Metastatic colorectal cancer remains to be incurable in most cases. A new study revealed that coffee slows down the spread of colon cancer resulting in longer survival of patients.
“In 1,171 patients treated for metastatic colorectal cancer, those who reported drinking two to three cups of coffee a day were likely to live longer overall, and had a longer time before their disease worsened, than those who didn’t drink coffee,” Harvard Gazette reported.
Moreover, patients who drank more than four cups of coffee a day attained greater benefit in these measures.
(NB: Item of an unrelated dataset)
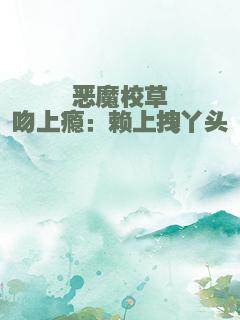 恶魔校草吻上瘾：赖上拽丫头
Benefit held whether patients drank caffeinated or decaffeinated coffee.
“Patients who consumed up to a single cup of coffee per day tended to survive 30 months post-diagnosis. But those who drank two or three cups daily survived 32 months. And those who consumed four or more cups a day saw their survival shoot up to 39 months,” co-lead author Christopher Mackintosh, a fourth-year medical student at the Mayo Clinic School of Medicine in Phoenix, stated.
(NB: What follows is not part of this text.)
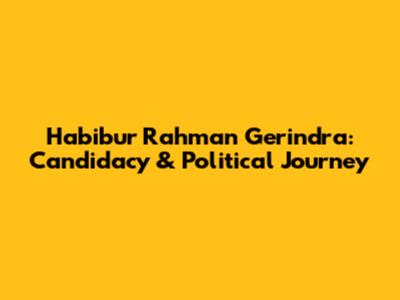 Habibur Rahman Gerindra: Candidacy & Political Journey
According to Mackintosh, this new study pioneered in studying the effects of coffee on metastatic colorectal cancer patients. Antioxidant, anti-inflammatory, and other properties found in coffee may be active against cancer.
Despite the findings, Mackintosh warned patients about the drastic increase in coffee consumption.
“If someone is a colorectal cancer patient and enjoys drinking coffee, they can continue to do so without fear of worsening cancer prognosis. Of course, decisions like these should always be discussed on a case-by-case basis with one’s personal health care professionals,” Mackintosh said.